Touch down Black bean stuffed Sweet peppers- vegan, gluten free
Spread the taste

Finding a wholefood, plant based game day food that is incredibly delicious and easy to make is a challenge. People tend to overeat while immersed in the enthusiasm and excitement. So, having healthy food choices around is crucial to keep the body happy and to earn extra plant points.

When it comes to protein and fiber, beans are a treasure that we don’t recognize often. So, using beans was a conscious choice while building the recipe. The sweet chili peppers are versatile, and add brightness, texture, flavor to any dish. The star of this simple recipe, is the sauce. Creamy, sweet, spicy with mango and avocado, the sauce makes this recipe hit a touch down in every bite.

This combination of beans with subtle spice, resting on a bed of a tangy creamy sauce in a warm sweet chili pepper cuddle is pure bliss for the palate, and the gut of course. Reap a good 10 plant points in one stuffed pepper, and let the gut biome have a game day too.

All it takes is 30 min with no major cooking involved, other than grilling the peppers and sautéing the beans with onions, jalapeno, corn. With minimal processing, top notch flavors and amazing nutrients, this game day appetizer is a must try winner. And it is perfectly ok, if you overeat these peppers.

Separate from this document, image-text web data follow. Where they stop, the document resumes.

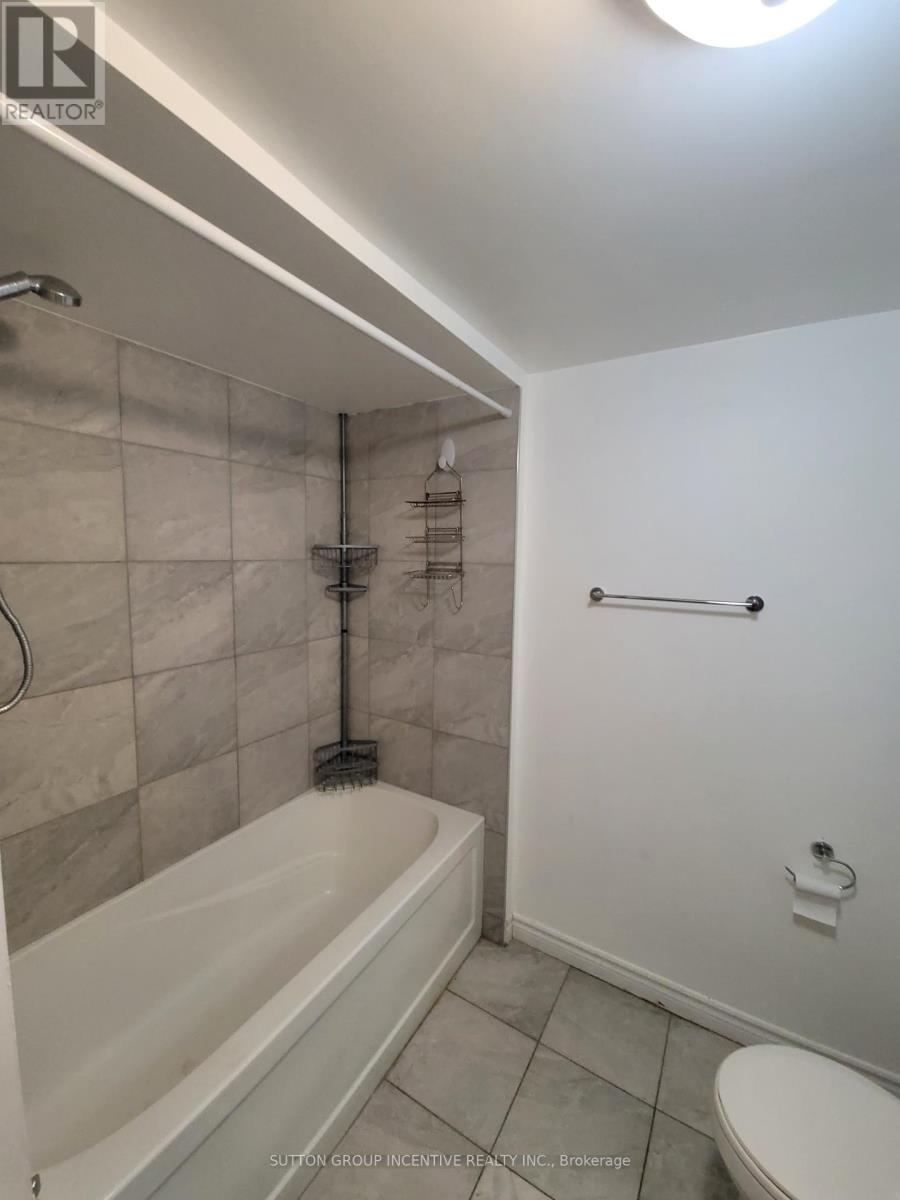 50 Farmingdale Crescent, Barrie, Ontario  L4M 5E5 - Photo 29 - S13106824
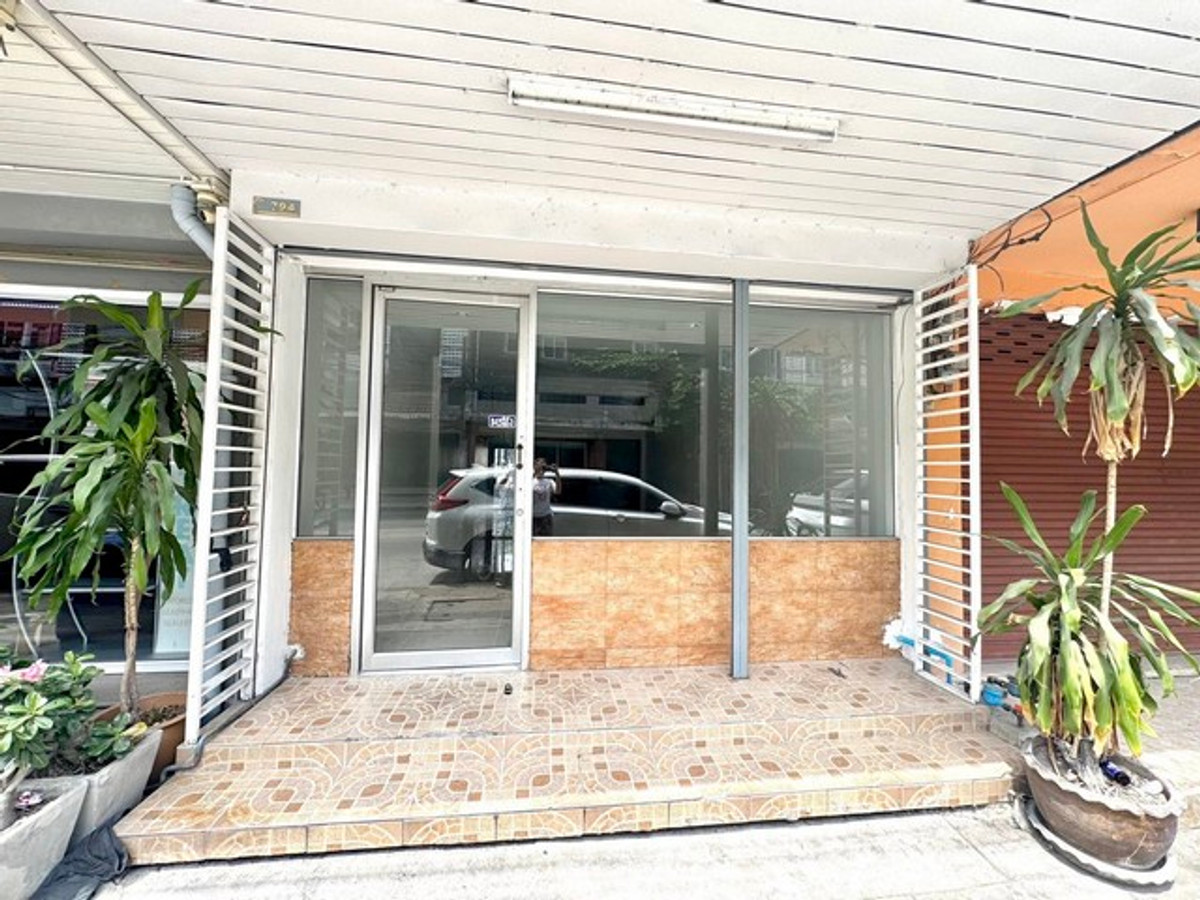 ให้เช่าอาคารพาณิชย์รัชดา ห้วยขวาง : HR3298ให้เช่าตึกแถวรีโนเวทใหม่ทั้งหลัง ทำเลทองใกล้สี่แยกเหม่งจ๋าย สวย ครบ พร้อมเข้าอยู่ ติดริมถนนใหญ่ เหมาะทั้งทำธุรกิจ คลินิก ออฟฟิศ หรืออยู่อาศัย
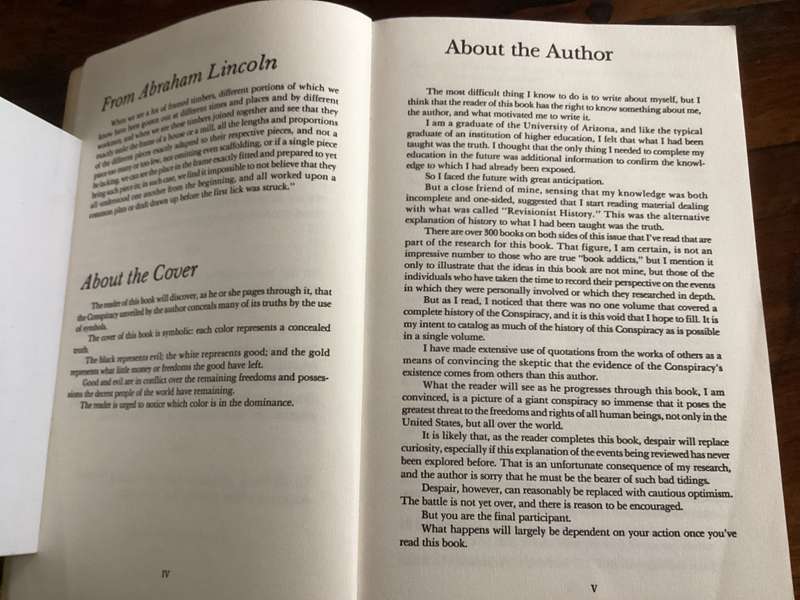 THE UNSEEN HAND. The Conspiratorial View of History. Paperback in a Good + condition.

Touch down Black bean stuffed sweet chili peppers

A healthy game day food with black bean stuffed sweet chili peppers with a secret amazing sauce
Prep Time 15 minutes
Cook Time 15 minutes
Course Snack
Servings 4 people

Equipment

  • Blender

Ingredients
  

  • sweet chili peppers of your choice – slit in middle

Bean mixture

  • 1 can black beans – low sodium
  • 1/2 chopped red onion
  • 1/2 cup frozen corn
  • 1 jalapeno deseeded and finely chopped
  • 1 tsp garlic powder
  • 1 tsp salt
  • 2 tbsp chopped cilantro
  • 1 tsp black pepper powder

The Touch down sauce

  • 1/2 avocado chopped
  • 1 mango roughly cubed
  • 1 jalapeno sliced
  • 1/2 bunch cilantro chopped
  • 2 garlic cloves
  • 1 lime- juice squeezed into blender
  • 1/2 tsp salt

Instructions
 

  • Slit the sweet peppers and on a stove top grill, let them get those lovely brown marks as well as slightly smoky flavor. Just toss them on a hot grill or griddle, and you can use a spray of avocado oil or just sprinkles of water (if sticking to no oil lifestyle), while rotating the peppers after a minute till you see the charred marks. Set them aside.
  • In the mean time, add the sauce ingredients to a blender and blitz into a smooth paste. Take the sauce into a bowl.
  • Open the black beans can, and rinse the beans thoroughly. In a skillet on medium heat, add the onions, deseeded chopped jalapenos. Sprinkle water to let them saute or just use a spray of avocado oil. After 2-3 minutes, add the frozen corn, followed by beans. Give it 2-3 minutes, then add garlic powder, salt, pepper. Mix well and switch the stove off after a minute.

The Pepper assembly

  • Take a pepper, add a layer of the yummy sauce , followed by the bean mixture. Top it again with additional sauce and sprinkle chopped cilantro.
    Fill all the peppers and enjoy them with fresh corn on the cob or roasted veggies for a healthy game day experience.